→ **Data below**
-----

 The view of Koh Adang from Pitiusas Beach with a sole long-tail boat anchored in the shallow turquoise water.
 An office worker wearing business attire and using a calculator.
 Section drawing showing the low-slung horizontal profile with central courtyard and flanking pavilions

-----

→ **Action item**
Please transcribe the listing in full. Keep each line exact.

→ **Exercise answer**
 The view of Koh Adang from Pitiusas Beach with a sole long-tail boat anchored in the shallow turquoise water.
 An office worker wearing business attire and using a calculator.
 Section drawing showing the low-slung horizontal profile with central courtyard and flanking pavilions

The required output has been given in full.